EXERCISE DIRECTIONS:
Which lines run from the line with "Adorable Scoop White" through the line with "Gold Yapraklar Yuvarlak" in the entries below? Print them exactly, both ends included, and nothing more.

DATA TO PROCESS:
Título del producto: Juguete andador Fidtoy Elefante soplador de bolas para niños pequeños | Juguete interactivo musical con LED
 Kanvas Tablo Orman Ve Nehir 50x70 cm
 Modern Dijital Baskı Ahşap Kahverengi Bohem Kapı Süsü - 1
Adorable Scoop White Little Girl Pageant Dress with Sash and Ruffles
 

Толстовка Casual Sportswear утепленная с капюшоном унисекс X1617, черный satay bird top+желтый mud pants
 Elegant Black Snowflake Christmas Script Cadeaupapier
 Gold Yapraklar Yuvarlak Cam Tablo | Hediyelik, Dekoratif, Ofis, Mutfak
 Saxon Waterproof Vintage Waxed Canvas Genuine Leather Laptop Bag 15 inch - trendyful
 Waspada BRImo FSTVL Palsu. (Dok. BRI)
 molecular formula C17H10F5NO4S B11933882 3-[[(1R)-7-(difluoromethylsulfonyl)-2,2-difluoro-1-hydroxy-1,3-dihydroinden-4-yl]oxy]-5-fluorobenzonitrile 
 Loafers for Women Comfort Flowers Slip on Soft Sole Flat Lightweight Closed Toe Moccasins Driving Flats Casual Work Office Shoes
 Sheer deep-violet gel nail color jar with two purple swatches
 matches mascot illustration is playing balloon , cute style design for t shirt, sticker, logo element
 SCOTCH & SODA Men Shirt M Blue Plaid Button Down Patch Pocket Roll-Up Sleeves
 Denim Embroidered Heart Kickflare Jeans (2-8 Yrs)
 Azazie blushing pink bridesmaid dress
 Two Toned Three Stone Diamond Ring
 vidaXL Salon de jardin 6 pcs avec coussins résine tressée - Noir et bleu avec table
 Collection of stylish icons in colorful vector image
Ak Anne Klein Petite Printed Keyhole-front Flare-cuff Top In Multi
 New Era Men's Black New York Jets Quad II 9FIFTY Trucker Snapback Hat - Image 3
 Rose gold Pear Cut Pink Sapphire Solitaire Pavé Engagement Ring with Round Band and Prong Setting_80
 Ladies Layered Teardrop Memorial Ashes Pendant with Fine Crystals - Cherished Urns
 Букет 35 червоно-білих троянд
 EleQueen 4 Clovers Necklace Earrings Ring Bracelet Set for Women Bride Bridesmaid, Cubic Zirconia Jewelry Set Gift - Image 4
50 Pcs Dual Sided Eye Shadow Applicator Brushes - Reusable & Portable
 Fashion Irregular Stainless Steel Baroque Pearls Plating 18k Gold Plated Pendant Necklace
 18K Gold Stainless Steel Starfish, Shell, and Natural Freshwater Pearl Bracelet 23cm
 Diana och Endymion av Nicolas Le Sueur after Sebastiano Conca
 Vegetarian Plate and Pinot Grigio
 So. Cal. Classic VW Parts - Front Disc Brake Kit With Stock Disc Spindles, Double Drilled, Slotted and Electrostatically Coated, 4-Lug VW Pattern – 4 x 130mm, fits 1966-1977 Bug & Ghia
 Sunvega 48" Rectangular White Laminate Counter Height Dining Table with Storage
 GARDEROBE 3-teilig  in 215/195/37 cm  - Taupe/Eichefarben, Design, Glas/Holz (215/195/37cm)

COMPLETED TASK:
Adorable Scoop White Little Girl Pageant Dress with Sash and Ruffles
 

Толстовка Casual Sportswear утепленная с капюшоном унисекс X1617, черный satay bird top+желтый mud pants
 Elegant Black Snowflake Christmas Script Cadeaupapier
 Gold Yapraklar Yuvarlak Cam Tablo | Hediyelik, Dekoratif, Ofis, Mutfak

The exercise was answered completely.